He once took the time to explain that it was quite natural that he was terrified by the idea of hell although he did not believe in God. Maybe it was also quite natural that atheist poet João Cabral de Mello Neto ended up dying in Rio, on October 9, a few months before turning 80, while holding hands with his wife Marly de Oliveira and praying to the God he didn't think existed.

According to Marly, after reciting Our Father, the head of João Cabral fell to one side and she thought he had fallen asleep. "It was a moment of beatitude," she commented later. "It was so serene that I wished at that moment that we could go together. I believe it was his contact with religion that made his passage so peaceful. He started having another vision of life."

João Cabral was better known for his long poem Morte e Vida Severina (Severino Life and Death), but he considered this work made at the request of playwright Maria Clara Machado as a Christmas play, a minor one. "I didn't write Morte e Vida Severina for intellectuals," he once told poet Vinicius de Moraes. "I wrote it for the illiterate folks who listen to folk poems at the Santo Amaro open market in Recife."

He once complained against those who asked for more political commitment from him when the play-poem was presented: "I think that some people would like me to go up there on stage and scream at the end of every show: `Long live the agrarian reform.'"

A recluse for most of his life, the poet and diplomat had become even more of a hermit after being struck by blindness in 1994. He rarely gave interviews and stayed in touch only with close friends and family. Losing his sight also made him bitter and he refused to dictate new poems.

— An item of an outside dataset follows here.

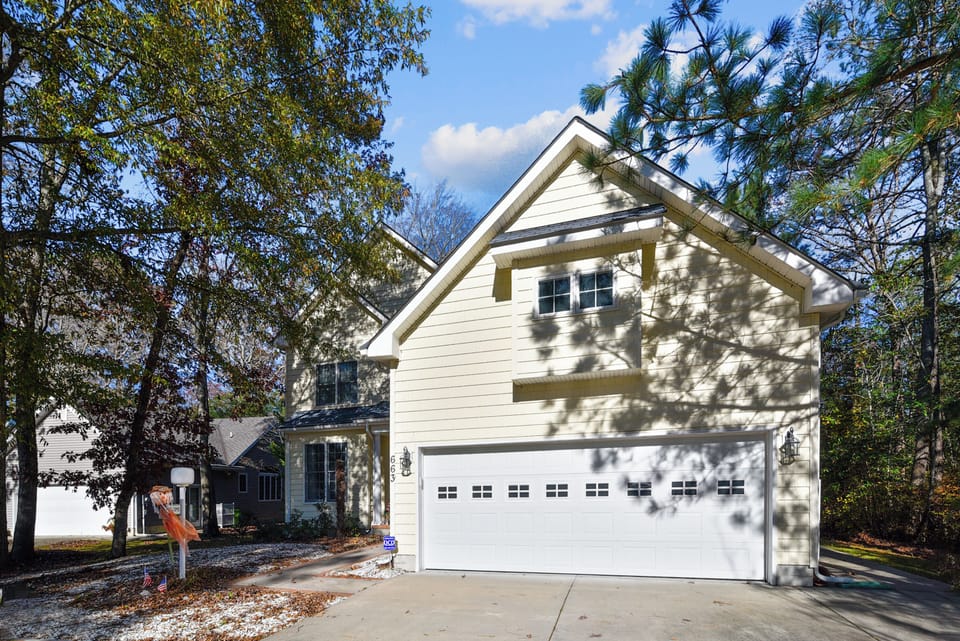 Exterior,Front Yard,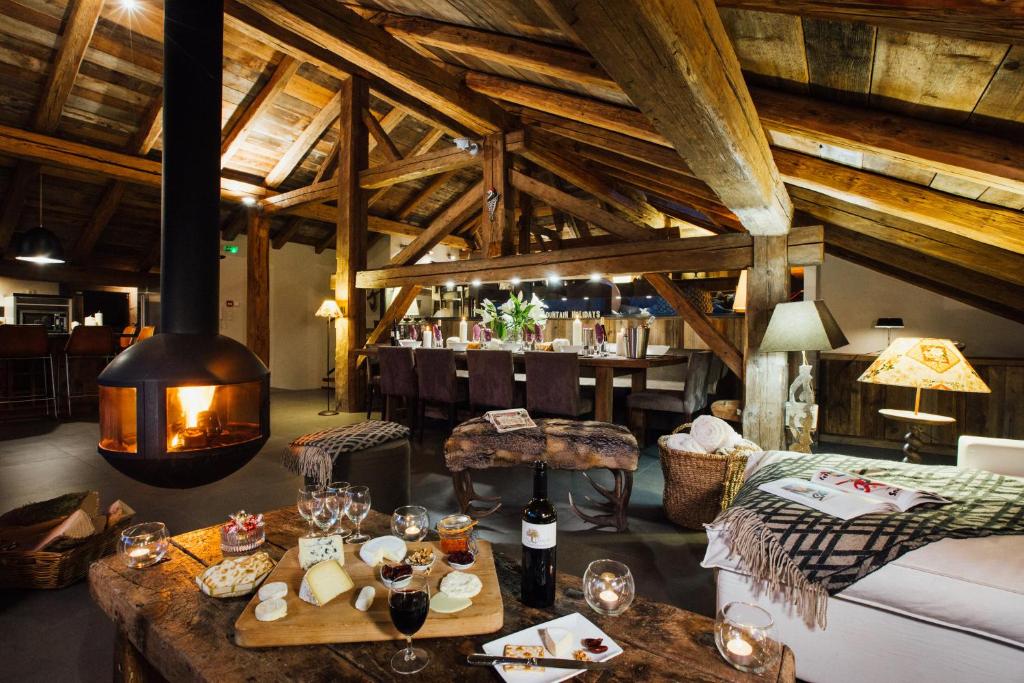 Chalet Chalet Debussy - Our elegant farmhouse 638 Route du Crêt, 74110 Montriond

The poet was born in Recife on January 9, 1920 in a wealthy family that owned a sugar cane farm, but the contact while growing up with farm workers, drought-stricken folks, and popular literatura de cordel (string literature) made him highly tuned to the plight of the poor peasants. He was very popular among the workers at the farm since he was a little boy. As nobody knew how to read, he became their main source of entertainment.

When these men had some money left they would go to the city and bring little booklets written by improvisers telling in verse stories of love and misadventure, tales of miracles and dreams, the adventures of the heroes and villains of the Northeast. On these occasions, João Cabral was more than happy to oblige and read to them this popular literature_often from the top of an ox cart. Fifty years later he would remember those sessions in "Descoberta da Literatura" (Discovery of Literature), a poem included in the book A Escola das Facas (School of Knifes) from 1979:

No dia-a-dia do engenho,
toda a semana, durante,
cochichavam-me em segredo:
saiu um novo romance.
E da feira do domingo
me traziam conspirantes
para que os lesse e explicasse
um romance de barbante...


In the sugar-mill's day-to-day,
the whole week, throughout,
they whispered to me in secrecy:
there is a new novel out.
And from the Sunday open market
they brought me conspiring
so I read them and explained
a novel of string…

He moved from Recife (capital of Pernambuco) to Rio in 1945. He was still 17 when he started to work as a bureaucrat and continued doing this for eight more years. During this time he wrote poet Carlos Drummond de Andrade an untitled poem that remained unpublished for more than 50 years:

Difícil ser funcionário
nesta segunda-feira.
Eu te telefono, Carlos,
pedindo conselho.
Não é lá fora o dia
que me deixa assim...
É a dor das coisas,
o luto desta mesa;
é o regimento proibindo
assovios, versos, flores...


Hard to be a public servant
this Monday.
I call you on the phone, Carlos,
asking for advice.
It's not the day outside
that makes me like that…
It's the pain of things,
this table's mourning;
it's the regulation forbidding
whistling, verses, flowers…

He was 22 when his first book, A Pedra do Sono (The Sleep's Stone), was released. The work, a manifesto against the dominant poetry of the time_Parnasianism and its adherence to metrical form_became a landmark and an inspiration for future poets. Three years later, in 1945, he published O Engenheiro (The Engineer). By this time, he had already become friends with the best poets of the day: Vinicius de Moraes, Murilo Mendes, Jorge de Lima, and Carlos Drummond de Andrade. In 1946 he married Stella Maria Barbosa de Oliveira_granddaughter of renowned writer Rui Barbosa (1849-1923).Together they had five children.

Poetic Journeys

Having passed in 1945 the exam to the Instituto Rio Branco, which prepares Brazilian diplomats, João Cabral would become another kind of bureaucrat traveling the world as a representative of the Brazilian government. In 1947, he was sent to Barcelona, Spain, for his first foreign mission. There he met and became a friend of painter Joan Miró and created a printing shop to publish Spanish and Brazilian poetry, including two of his books: Psicologia da Composição (Psychology of Composition), 1947, and O Cão Sem Plumas (Featherless Dog), 1950. His Barcelona stint would change his life and deeply influence his poetry.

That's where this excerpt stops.